With 2011 now a distant memory, it’s time to go back and look at my goals for 2011. That’s one major benefit of blogging, there’s accountability baked into everything I do. In 2011, I had set 5 goals, most of them business-related.
- Traffic to my Websites – Goal: Increase by 100%. Actual result: Increase by 21% – That’s a colossal failure, right? It could have been much worse. Google Panda hit many of my blogging colleagues and they lost traffic. I didn’t get the website I was hoping to off the ground, which was a direct consequence of #3 below.
- Revenue from my Websites – Goal: Increase by 50%. Actual result: Increase by 92% – It’s amazing what the right kind of advertising deal can do. By the end of the year, I was making in a month what I made when I was an underpaid software engineer that lead to the creation of this website five years ago.

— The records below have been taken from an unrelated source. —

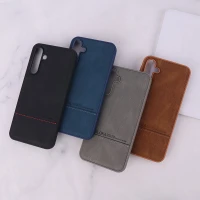 قاب چرمی Puloka سامسونگ Galaxy A15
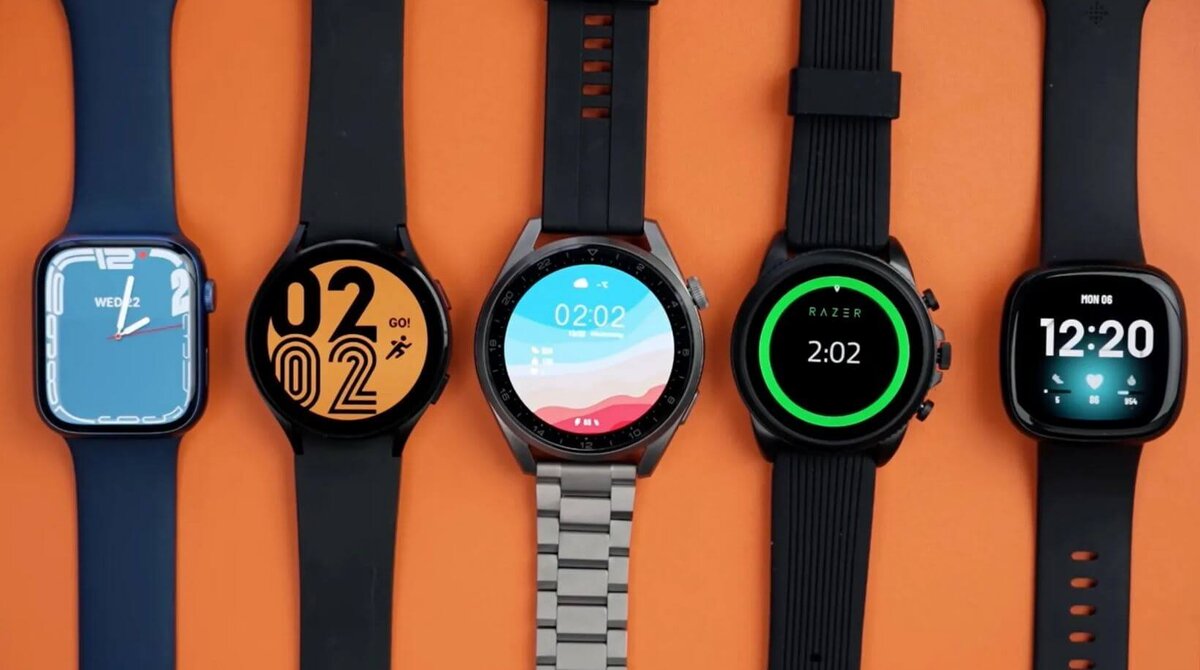    Разбираемся, какие смарт-часы существуют помимо Apple Watch и Samsung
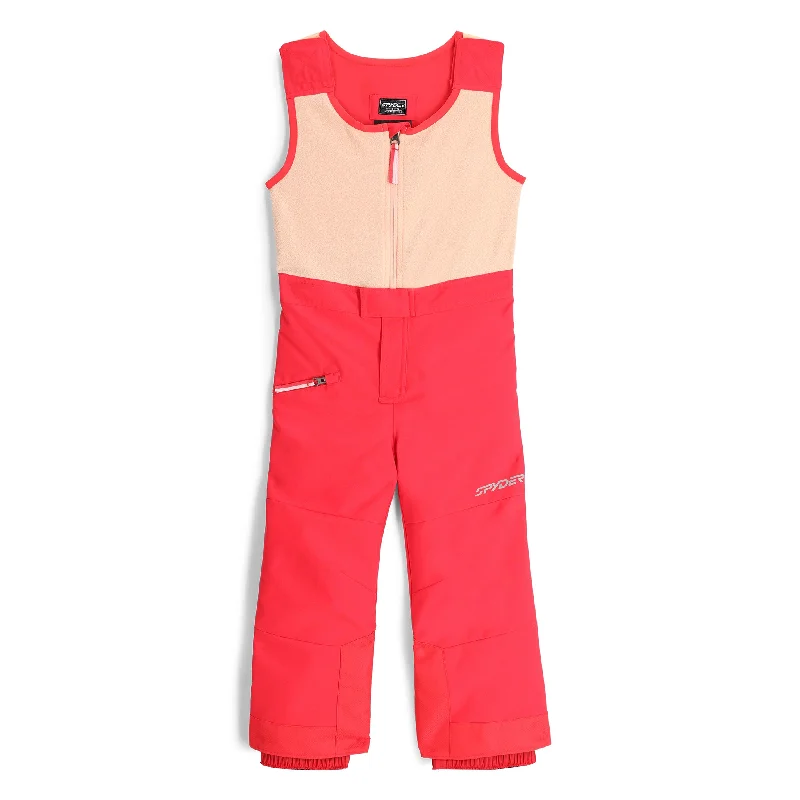 Spyder Girls' Expedition Insulated Bib Pant 2025 Casual Track Pants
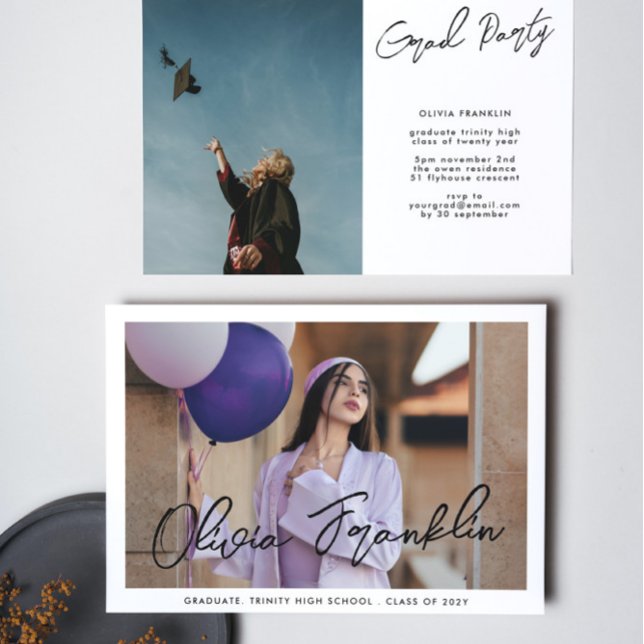 Moderne Partei für das Foto von Textnachrichten an Einladung (Von Creator hochgeladen)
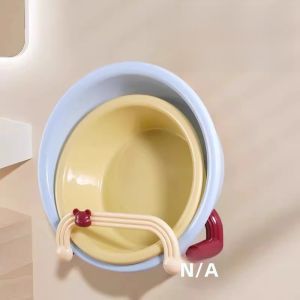 Bear Dopamine Bathroom Sink Rack Wall Mounted Expandable No Drilling Required Household Sink Holder Hooks Included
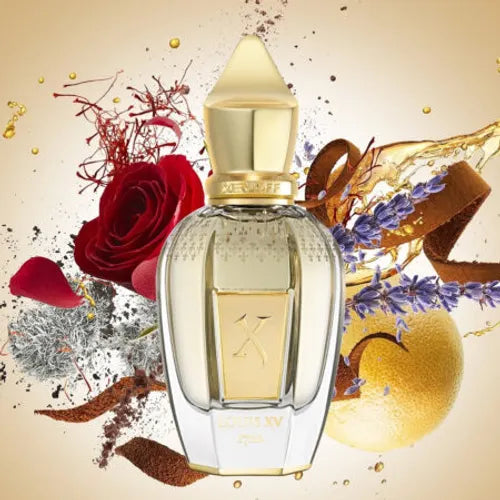 LOUIS XV 1722 - XERJOFF / XERJOFF UNIVERSE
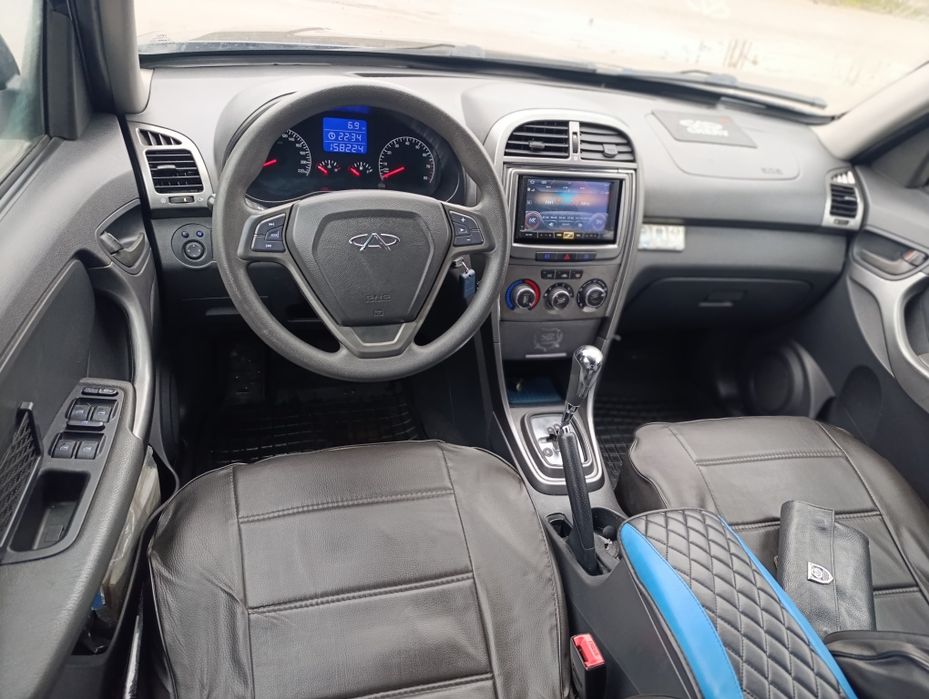 Срочно продам Chery Tiggo 1,8 Газ/Бензин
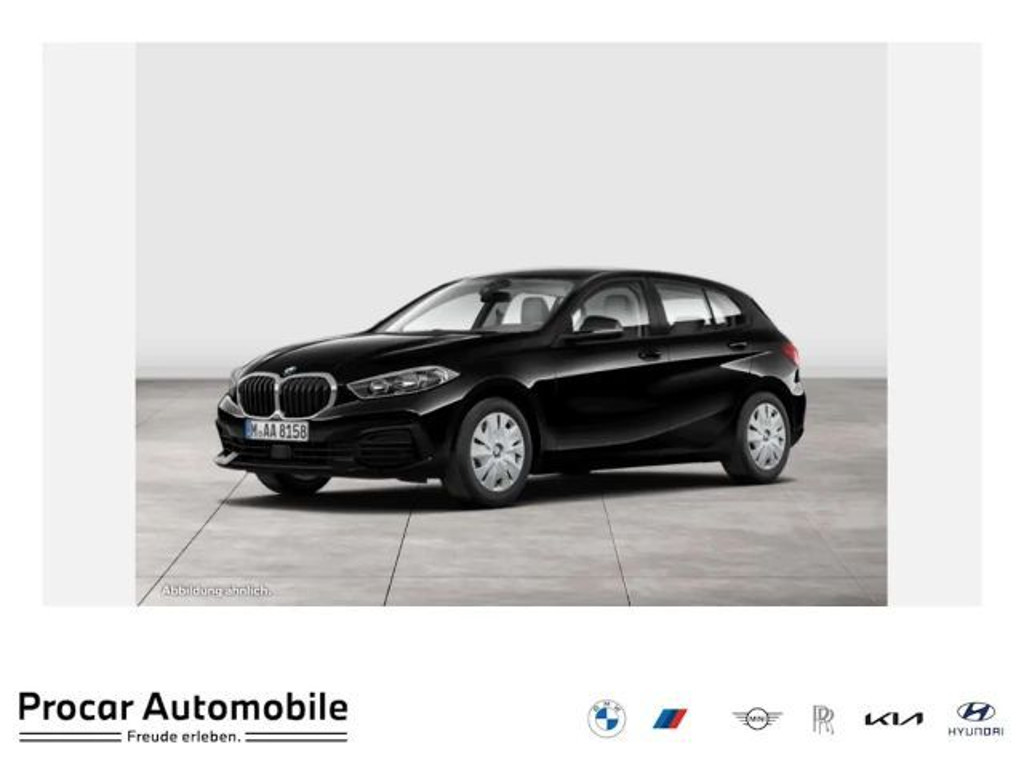 BMW 1 Serie 116 Sedan 116i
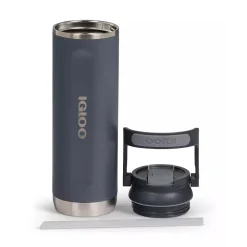 IGLOO Bottle - isoleret drikkeflaske 590 ml (Carbonite) Hot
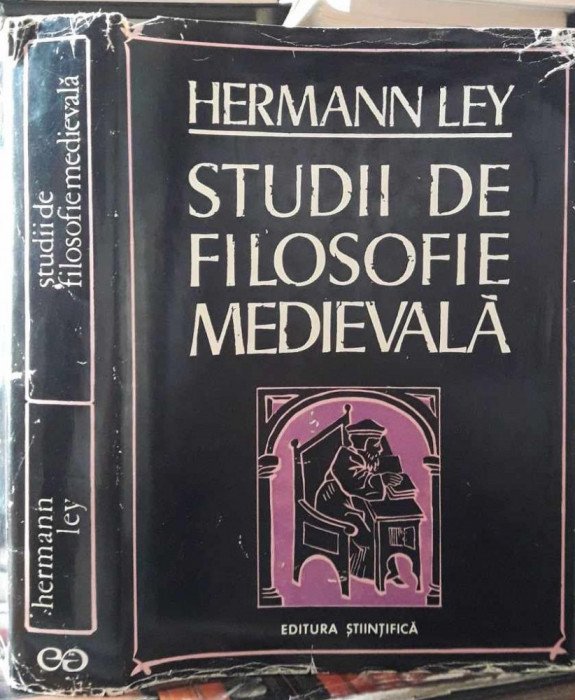 Hermann Ley-Studii de filosofie medievala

- Continue to Fight Against MonaVie and other MLM Scams – This is a pretty big win.
In my goals, I also mentioned iJango, which was pretty much a straight-forward pyramid scheme. It’s no longer in business. Consumers who paid a one-time fee $150, plus $20 a month to have their own web store were left holding the bag.
I wrote about a new MLM, One24, which appears to be a straight-forward pyramid scheme. They threatened to sue me for defamation, but found that they had no grounds. So instead they had to create a podcast addressing my post, where they missed all the major points, especially the most important one of them hitting the FTCs guidelines of being a pyramid scheme. In fact, they tacitly confirmed it in the podcast.
It was a good year in busting MLM punks. However, they are like the Hydra, and they keep coming back. Scamming people out of their money is too profitable I guess. As my friend Vogel says, “we’ll just keep chopping off heads.”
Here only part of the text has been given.